Talking to God in the midst of the sea:
Recently I experienced a great hurt. I couldn’t feel anything except a deep betrayal that brought with it pain and anguish. I was so hurt I began to feel sick. So I went to the beach to talk to God. I know I can talk to God anytime, anywhere, and I do, but the beach holds special significance to me and in my relationship with God. It was around 8:30 pm and it was already dark out. It was low tide so the water was way out there and I was able to walk on the sand in the midst of the sea.
With tears streaming down my face I looked up towards the Heavens and started talking to Him. I told Him my hurt. I paced the sand questioning why. Eventually I had no more words just my tears. In that moment a thought came to me. The God that holds the Heavens, the God that created all things, holds the whole world in His hands, and yet in that very same moment He saw me. He sees me. In the middle of the ocean at that particular time He saw my grief and my anguish and He was there. Not only does He see me but He loves me.

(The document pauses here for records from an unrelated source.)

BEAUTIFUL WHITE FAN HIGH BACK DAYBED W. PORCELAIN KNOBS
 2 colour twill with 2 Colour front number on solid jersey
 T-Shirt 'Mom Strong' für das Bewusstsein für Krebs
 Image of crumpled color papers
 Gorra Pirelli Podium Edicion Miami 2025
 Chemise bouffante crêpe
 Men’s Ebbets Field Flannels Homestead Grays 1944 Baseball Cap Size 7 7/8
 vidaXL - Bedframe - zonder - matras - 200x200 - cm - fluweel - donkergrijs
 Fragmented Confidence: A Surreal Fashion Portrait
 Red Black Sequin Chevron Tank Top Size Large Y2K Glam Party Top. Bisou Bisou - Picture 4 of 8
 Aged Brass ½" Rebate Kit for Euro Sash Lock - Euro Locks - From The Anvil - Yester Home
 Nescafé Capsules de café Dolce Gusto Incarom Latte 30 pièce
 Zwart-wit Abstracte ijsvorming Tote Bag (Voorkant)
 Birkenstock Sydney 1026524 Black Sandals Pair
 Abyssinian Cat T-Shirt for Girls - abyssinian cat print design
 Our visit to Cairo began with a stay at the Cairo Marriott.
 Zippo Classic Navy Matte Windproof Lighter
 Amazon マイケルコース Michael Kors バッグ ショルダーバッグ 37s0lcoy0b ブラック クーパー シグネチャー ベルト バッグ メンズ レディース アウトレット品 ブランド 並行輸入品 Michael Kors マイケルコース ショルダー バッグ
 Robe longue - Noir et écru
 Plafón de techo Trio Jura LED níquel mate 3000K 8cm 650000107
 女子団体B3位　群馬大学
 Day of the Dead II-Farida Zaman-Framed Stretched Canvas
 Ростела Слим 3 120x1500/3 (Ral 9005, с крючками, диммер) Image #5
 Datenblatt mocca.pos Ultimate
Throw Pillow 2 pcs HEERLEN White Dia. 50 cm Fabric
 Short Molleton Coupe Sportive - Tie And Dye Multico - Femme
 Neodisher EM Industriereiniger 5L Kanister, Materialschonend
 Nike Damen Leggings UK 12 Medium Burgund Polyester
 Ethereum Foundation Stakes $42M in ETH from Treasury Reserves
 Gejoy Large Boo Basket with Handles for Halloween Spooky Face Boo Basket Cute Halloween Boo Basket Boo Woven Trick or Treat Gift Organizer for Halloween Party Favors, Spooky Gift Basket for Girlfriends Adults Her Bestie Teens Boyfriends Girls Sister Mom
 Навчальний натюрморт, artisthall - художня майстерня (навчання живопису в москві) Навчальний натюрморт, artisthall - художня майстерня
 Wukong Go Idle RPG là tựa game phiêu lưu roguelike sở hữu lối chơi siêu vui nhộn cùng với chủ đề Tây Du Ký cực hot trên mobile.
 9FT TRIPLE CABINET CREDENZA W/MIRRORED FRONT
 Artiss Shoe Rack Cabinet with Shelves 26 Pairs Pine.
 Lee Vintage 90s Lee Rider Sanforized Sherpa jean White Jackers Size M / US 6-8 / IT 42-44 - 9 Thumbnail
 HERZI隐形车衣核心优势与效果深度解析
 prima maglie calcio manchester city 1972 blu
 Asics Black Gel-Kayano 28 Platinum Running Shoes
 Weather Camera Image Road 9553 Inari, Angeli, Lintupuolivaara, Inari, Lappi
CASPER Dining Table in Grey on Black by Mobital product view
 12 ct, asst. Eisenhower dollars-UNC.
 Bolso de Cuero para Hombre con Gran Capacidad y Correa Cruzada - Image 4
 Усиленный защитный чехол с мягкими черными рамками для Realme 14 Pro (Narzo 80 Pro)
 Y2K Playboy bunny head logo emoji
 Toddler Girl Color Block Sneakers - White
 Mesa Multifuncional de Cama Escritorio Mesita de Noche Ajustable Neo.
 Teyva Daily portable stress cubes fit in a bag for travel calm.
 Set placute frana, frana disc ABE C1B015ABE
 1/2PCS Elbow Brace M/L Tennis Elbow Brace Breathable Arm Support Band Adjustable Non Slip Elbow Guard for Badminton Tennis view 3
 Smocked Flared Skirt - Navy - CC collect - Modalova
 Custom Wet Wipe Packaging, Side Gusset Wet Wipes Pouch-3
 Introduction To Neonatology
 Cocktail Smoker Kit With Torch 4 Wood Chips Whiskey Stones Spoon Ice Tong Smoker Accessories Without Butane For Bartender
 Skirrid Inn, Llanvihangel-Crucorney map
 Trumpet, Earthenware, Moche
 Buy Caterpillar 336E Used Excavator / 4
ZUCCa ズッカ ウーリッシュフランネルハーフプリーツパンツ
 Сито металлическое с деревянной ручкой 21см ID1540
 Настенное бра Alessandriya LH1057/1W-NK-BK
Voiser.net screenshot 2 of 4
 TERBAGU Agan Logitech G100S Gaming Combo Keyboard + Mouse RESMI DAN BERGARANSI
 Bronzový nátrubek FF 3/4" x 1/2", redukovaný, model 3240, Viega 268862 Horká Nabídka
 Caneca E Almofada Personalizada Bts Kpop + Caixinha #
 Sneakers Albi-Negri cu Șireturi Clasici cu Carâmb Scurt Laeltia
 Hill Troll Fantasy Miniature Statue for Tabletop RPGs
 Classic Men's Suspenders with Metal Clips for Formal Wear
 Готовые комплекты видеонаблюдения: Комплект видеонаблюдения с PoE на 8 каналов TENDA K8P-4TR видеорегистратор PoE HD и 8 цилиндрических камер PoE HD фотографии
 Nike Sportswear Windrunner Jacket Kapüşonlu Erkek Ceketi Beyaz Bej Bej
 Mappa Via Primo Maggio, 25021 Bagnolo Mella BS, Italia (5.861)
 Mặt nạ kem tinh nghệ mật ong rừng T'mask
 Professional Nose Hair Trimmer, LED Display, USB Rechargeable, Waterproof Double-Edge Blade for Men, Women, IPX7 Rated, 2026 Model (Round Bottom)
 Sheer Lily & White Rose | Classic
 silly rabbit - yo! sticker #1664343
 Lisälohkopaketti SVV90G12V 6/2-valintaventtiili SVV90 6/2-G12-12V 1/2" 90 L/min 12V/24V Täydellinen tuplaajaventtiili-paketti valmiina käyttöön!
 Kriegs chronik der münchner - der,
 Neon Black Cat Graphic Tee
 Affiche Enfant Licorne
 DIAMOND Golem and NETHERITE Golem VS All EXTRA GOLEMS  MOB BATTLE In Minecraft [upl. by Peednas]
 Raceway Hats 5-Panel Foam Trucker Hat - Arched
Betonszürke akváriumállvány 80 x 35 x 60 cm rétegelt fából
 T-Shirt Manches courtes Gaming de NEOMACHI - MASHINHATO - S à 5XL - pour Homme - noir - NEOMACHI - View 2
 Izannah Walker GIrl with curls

To this day I find it hard to completely comprehend the depth and height of His love for me but I am so grateful for that moment with the Lord. I am so grateful that I was able to feel His presence in the midst of my hurt and to feel cherished and loved. I mentioned this to a special lady from church and she encouraged me to treasure this moment. To look back and remember it when I feel alone and abandoned. I am not alone. I am treasured and I am loved immeasurably by the same God who created the Heavens and the Earth. It really is not so simple to digest but I am working on it. The greatest thing is, the same God who did all of that, who spoke to me in the middle of the sea? He is the very same God who feels the same about YOU. He sees you. He KNOWS you. And He loves you. I pray you would be comforted tonight. I was not going to share this publicly but I feel like maybe there is someone who needs to hear this. Maybe there is someone who doesn’t know the love of Christ. Maybe someone is dealing with betrayal and hurt. Jesus sees your hurt. He hears your cry. He is right there with you. In the midst of the pain, in the midst of the sea. Hallelujah.
I pray we would comprehend just how vast His love for us is and that we would live and walk in His love and grace.